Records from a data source
--------------------
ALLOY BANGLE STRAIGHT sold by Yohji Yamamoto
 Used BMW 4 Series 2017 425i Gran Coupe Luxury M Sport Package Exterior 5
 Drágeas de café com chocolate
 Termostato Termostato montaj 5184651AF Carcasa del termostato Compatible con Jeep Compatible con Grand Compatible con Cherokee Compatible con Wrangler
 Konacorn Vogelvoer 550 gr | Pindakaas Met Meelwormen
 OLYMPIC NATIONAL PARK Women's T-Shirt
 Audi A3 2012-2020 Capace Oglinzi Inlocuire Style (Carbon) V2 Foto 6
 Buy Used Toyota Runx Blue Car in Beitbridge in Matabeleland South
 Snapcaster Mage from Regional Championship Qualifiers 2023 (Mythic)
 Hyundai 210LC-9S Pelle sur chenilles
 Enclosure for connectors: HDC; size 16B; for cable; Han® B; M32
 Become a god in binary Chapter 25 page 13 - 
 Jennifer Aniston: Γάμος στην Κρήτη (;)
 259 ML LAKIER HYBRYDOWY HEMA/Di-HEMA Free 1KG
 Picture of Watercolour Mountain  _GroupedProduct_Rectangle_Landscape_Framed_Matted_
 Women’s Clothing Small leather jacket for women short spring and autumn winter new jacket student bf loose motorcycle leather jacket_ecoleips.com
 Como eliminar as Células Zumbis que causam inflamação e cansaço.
--------------------
## Directions for this task
Output exactly the line containing "Women’s Clothing Small" together with every line after it, ending at the final line of the entries.

## The answer
 Women’s Clothing Small leather jacket for women short spring and autumn winter new jacket student bf loose motorcycle leather jacket_ecoleips.com
 Como eliminar as Células Zumbis que causam inflamação e cansaço.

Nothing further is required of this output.